═══ DATA IN THIS EXERCISE

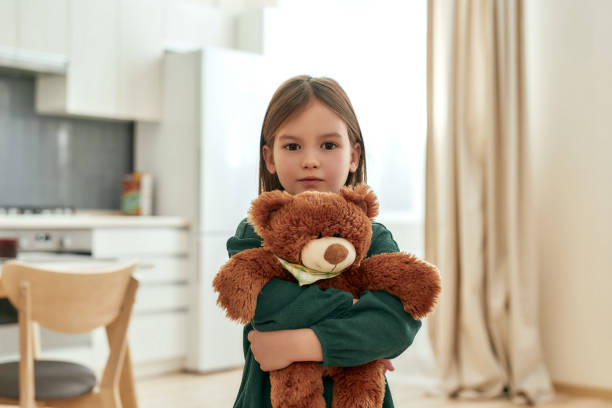 istock A small cute girl tightly holds her fluffy toy while looking into a camera 1277192036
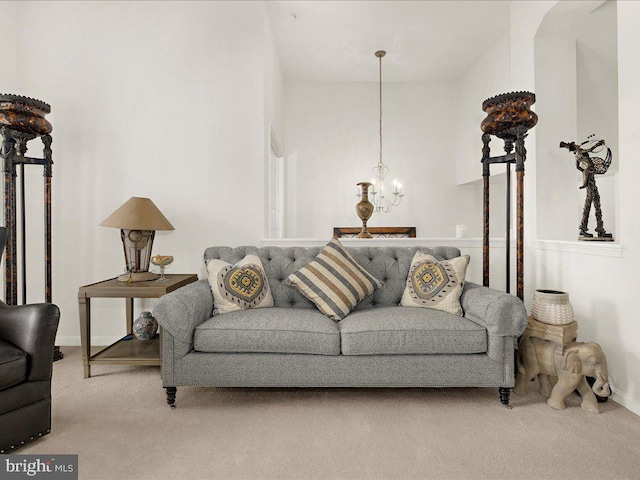 living area featuring baseboards, carpet floors, and an inviting chandelier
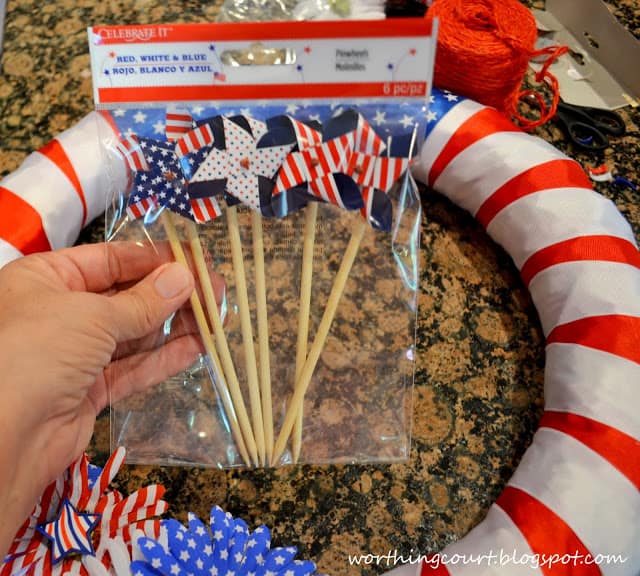 Gluing pinwheels onto the wreath.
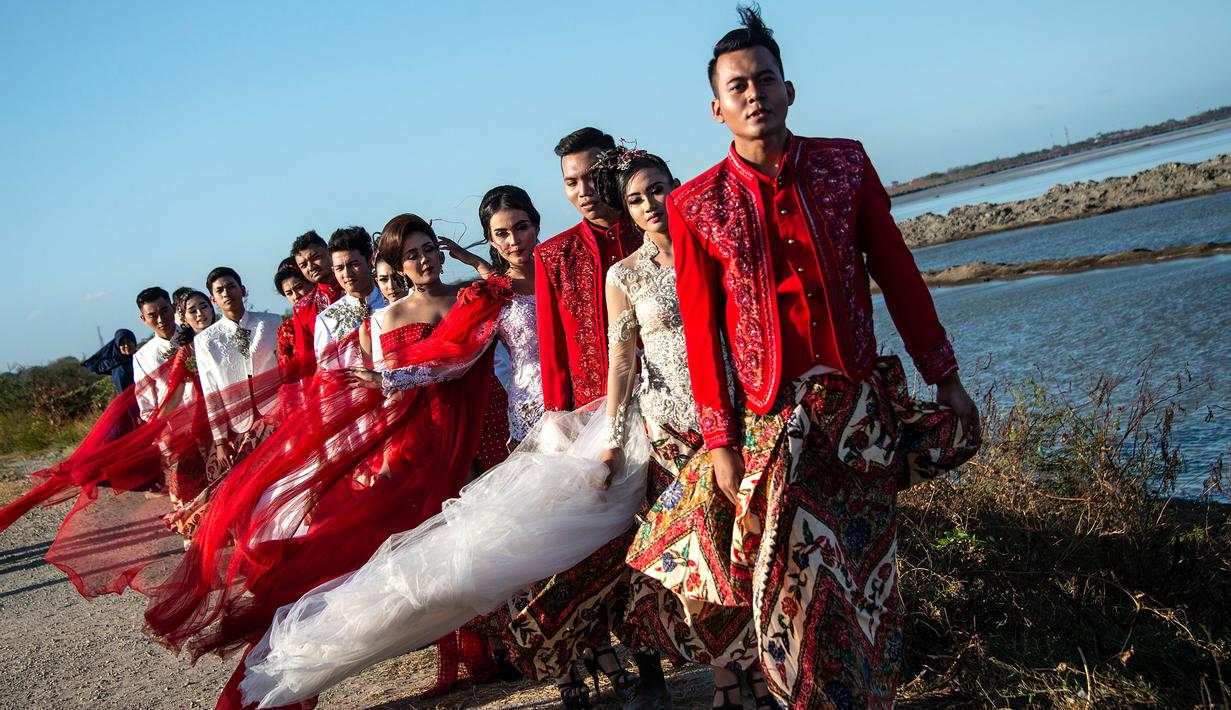 Model mengenakan busana kebaya bertema merah putih saat fashion show di tanggul Lapindo Porong, Sidoarjo, Jawa Timur, Selasa (13/8/2019). Peragaan busana yang menampilkan busana kebaya tersebut untuk memeriahkan HUT ke-74 kemerdekaan RI. (Photo by JUNI KRISWANTO / AFP)
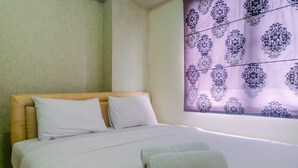 Een net opgemaakt bed met witte lakens en kussens, een opgerolde handdoek op het bed en een raam met een paars bloemenmotief.
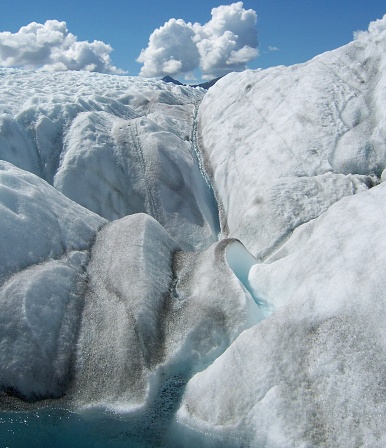 Close-up of a small stream of water which leads to a small pool on the surface of a glacier. Glaciers are greatly impacted by our changing climate. In recent decades, glaciers are losing ice year to year rather than gaining ice, which could threaten water supplies for humans.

══════

▸ TASK TO COMPLETE: Pictures stay out. Repeat only the lines from the beginning of the data through the line that has "Gluing pinwheels onto the wreath.".

▸ RESULT FOR THIS EXERCISE:
 istock A small cute girl tightly holds her fluffy toy while looking into a camera 1277192036
 living area featuring baseboards, carpet floors, and an inviting chandelier
 Gluing pinwheels onto the wreath.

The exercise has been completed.